御年九十五歳となる現在でも数多くのプロジェクトや講演に参加しており、まさに建築界の伝説といった人物です。
本記事ではそんな槇文彦の人生と作品についてご紹介します。
目次
槇文彦について
基本情報
本名 | 槇文彦(Maki Fumihiko) |
生年月日 | 1928年9月6日〜(95歳) |
出身/国籍 | 日本 東京都 |
学歴 | 慶應技術大学校工学部予科 中退 東京大学工学部建築学科 卒業 クランブルック美術学院 修了 ハーバード大学デザイン大学院 修了 |
分野 | 建築 |
傾向 | モダニズム建築、近代建築 |
師事した/影響を受けた人物 | 丹下健三等 |
経歴と作品
生い立ち
1928年9月6日、銀行員の父と、竹中工務店元会長の娘である母の間に生まれます。
慶應義塾大学工学部を中退し、建築学科に入学。
卒業後は丹下健三の研究室で学び、外務省庁舎のコンペに参加します。
その後アメリカに留学。
クランブルック美術学院およびハーバード大学デザイン大学院を修了。両学院で学ぶ傍ら、ル・コルビュジェの下で学んだ20世紀を代表する建築家ホセ・ルイ・セルトのスタジオで建築を学びました。
ハーバード大学デザイン大学の卒業後はスキッドモア・オーウィングズ・アンド・メリル、セルト・ジャクソン建築設計事務所、ワシントン大学のキャンパス・プランニング・オフィスなどを転々として設計を学びます。
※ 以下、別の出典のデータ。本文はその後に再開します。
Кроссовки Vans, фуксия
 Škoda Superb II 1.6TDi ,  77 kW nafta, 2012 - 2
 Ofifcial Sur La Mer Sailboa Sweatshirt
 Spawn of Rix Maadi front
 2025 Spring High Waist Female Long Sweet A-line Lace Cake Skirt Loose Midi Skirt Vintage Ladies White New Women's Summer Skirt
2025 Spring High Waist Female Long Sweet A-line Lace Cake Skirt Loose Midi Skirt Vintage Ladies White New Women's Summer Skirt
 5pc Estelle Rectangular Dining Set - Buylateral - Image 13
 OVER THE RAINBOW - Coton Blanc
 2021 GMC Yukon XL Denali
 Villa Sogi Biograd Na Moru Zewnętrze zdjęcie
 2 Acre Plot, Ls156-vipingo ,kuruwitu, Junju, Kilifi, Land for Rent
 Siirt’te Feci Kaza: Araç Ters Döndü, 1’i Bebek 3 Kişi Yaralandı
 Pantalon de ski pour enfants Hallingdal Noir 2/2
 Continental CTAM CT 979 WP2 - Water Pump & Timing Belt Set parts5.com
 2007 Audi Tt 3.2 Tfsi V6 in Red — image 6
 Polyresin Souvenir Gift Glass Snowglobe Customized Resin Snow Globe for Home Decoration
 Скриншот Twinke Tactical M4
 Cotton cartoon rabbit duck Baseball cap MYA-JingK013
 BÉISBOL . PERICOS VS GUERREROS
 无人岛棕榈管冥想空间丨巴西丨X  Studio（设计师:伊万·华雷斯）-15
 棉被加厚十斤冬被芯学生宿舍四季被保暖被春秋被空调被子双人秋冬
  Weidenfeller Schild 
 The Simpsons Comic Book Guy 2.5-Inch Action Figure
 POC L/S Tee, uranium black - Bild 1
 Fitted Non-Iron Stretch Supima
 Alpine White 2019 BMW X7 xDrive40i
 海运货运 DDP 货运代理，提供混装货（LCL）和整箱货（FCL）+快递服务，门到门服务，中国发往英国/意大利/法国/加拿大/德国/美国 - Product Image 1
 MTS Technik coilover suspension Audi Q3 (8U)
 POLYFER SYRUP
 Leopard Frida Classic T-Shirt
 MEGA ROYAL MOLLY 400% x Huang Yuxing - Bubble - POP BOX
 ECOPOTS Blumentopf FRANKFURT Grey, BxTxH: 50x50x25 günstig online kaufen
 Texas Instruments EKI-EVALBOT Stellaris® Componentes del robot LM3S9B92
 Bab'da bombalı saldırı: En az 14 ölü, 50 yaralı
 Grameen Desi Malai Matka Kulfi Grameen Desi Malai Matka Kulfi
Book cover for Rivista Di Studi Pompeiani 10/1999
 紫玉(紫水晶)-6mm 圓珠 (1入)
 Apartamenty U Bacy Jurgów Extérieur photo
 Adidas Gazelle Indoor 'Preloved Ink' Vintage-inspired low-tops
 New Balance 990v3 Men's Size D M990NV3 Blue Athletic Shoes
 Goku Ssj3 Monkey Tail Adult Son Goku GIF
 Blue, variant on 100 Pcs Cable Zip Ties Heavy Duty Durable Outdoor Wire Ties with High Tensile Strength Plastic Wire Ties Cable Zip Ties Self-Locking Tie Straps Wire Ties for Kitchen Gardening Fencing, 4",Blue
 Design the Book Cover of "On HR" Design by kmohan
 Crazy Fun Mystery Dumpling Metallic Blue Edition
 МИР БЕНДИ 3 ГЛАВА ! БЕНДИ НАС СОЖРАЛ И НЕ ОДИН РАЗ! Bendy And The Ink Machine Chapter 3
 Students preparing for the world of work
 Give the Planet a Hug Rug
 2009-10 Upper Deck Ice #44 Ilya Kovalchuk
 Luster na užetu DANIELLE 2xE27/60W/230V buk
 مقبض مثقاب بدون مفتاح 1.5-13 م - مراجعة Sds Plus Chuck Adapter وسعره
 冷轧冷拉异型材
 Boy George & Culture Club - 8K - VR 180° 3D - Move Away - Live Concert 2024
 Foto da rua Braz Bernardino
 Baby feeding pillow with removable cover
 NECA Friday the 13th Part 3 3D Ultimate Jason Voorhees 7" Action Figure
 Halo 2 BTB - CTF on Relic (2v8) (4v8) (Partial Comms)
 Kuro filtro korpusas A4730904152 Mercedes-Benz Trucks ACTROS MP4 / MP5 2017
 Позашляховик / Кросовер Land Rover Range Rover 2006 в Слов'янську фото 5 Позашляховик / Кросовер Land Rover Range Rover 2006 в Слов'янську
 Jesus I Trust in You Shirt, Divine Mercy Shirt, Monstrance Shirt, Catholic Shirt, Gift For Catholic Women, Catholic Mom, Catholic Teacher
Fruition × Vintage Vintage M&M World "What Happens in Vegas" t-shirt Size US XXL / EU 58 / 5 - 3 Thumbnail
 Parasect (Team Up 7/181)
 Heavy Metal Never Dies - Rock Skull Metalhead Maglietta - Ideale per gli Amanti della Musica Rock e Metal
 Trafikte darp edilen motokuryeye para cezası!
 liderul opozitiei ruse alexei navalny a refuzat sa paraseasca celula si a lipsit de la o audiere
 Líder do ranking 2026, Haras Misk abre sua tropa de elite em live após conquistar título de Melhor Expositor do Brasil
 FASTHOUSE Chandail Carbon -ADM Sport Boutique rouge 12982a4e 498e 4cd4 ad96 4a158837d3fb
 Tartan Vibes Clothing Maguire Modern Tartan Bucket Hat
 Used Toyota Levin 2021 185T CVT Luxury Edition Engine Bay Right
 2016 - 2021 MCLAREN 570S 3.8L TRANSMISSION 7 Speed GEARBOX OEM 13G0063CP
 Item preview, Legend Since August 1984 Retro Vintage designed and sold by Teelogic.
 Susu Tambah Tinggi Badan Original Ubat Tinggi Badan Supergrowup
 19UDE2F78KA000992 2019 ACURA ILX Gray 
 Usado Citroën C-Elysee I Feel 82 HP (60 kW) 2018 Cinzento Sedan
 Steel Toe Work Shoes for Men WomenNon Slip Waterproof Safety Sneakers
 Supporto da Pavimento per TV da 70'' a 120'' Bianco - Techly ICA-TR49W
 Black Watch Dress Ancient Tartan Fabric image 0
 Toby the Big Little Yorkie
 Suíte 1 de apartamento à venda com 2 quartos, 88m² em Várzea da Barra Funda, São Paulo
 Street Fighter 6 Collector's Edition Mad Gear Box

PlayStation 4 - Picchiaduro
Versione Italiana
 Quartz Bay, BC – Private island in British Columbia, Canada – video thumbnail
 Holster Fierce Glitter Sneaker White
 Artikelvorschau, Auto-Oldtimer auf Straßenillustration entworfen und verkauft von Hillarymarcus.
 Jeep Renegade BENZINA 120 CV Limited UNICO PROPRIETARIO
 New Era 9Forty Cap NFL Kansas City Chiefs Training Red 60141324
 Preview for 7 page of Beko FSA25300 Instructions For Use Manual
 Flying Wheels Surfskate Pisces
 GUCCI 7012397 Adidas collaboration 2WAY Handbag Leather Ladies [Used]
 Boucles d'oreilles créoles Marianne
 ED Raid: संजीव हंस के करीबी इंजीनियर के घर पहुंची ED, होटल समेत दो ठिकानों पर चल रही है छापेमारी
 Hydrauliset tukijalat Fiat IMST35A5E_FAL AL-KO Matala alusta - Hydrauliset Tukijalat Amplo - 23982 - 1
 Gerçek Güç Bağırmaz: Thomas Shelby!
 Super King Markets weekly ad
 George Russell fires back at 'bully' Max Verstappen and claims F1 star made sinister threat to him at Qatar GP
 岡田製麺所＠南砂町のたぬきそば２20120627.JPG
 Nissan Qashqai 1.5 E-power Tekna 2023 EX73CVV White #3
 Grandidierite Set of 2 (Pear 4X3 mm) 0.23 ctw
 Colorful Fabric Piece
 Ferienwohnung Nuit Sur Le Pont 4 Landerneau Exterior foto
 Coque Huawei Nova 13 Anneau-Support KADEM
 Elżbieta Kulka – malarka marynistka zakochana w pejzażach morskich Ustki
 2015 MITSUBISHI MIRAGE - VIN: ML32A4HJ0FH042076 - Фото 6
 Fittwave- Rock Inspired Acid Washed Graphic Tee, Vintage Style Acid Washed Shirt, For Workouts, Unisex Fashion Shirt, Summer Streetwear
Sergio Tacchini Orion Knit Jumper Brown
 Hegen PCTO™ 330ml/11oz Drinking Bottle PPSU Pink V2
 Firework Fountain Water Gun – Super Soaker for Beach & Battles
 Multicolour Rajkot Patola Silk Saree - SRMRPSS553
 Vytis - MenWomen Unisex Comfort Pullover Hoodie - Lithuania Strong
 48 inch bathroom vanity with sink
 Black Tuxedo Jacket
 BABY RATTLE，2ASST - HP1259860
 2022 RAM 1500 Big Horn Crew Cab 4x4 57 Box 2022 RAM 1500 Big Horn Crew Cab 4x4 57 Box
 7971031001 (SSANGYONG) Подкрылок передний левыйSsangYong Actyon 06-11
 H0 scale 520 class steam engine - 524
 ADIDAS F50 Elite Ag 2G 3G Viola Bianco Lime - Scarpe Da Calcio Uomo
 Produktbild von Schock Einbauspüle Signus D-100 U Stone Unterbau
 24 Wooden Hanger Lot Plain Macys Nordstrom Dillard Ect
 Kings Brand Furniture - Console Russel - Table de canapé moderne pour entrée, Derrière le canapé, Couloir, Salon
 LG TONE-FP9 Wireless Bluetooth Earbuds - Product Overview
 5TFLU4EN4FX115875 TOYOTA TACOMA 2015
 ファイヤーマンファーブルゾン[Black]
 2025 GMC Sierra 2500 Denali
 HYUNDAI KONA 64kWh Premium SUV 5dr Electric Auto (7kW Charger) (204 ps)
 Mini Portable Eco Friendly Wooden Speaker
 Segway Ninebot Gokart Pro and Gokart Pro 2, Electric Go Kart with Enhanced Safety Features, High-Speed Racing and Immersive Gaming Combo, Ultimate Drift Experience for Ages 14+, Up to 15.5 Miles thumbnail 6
ワシントン大学とハーバード大学では、都市デザインの准教授を務めました。
1965年にアメリカから帰国。槇総合計画事務所を設立し、建築家として独立を果たします。
40人あまりの所員と共にオフィスを構え、キャリアの拠点としました。
この事務所には山本圭介、元倉眞琴、栗生明、高谷時彦といった著名な建築家が在籍し、現代建築の技術が醸造された環境であったと言えます。
1979年から1989年にかけては東京大学で教授を務めます。
現在に至るまで日本をはじめ海外の数多くの国で講演を行っており、精力的に活動を続けています。
建築の師匠である丹下健三についての記事はこちら!
代表的な作品
ヒルサイドテラス(1969-1998)
によって撮影されました
URL
-様東京都渋谷区猿楽町から旧山手通り沿いに建設された複合施設です。
槇文彦のプロジェクトの中でもダントツに有名なものの一つが、このヒルサイドテラスではないでしょうか。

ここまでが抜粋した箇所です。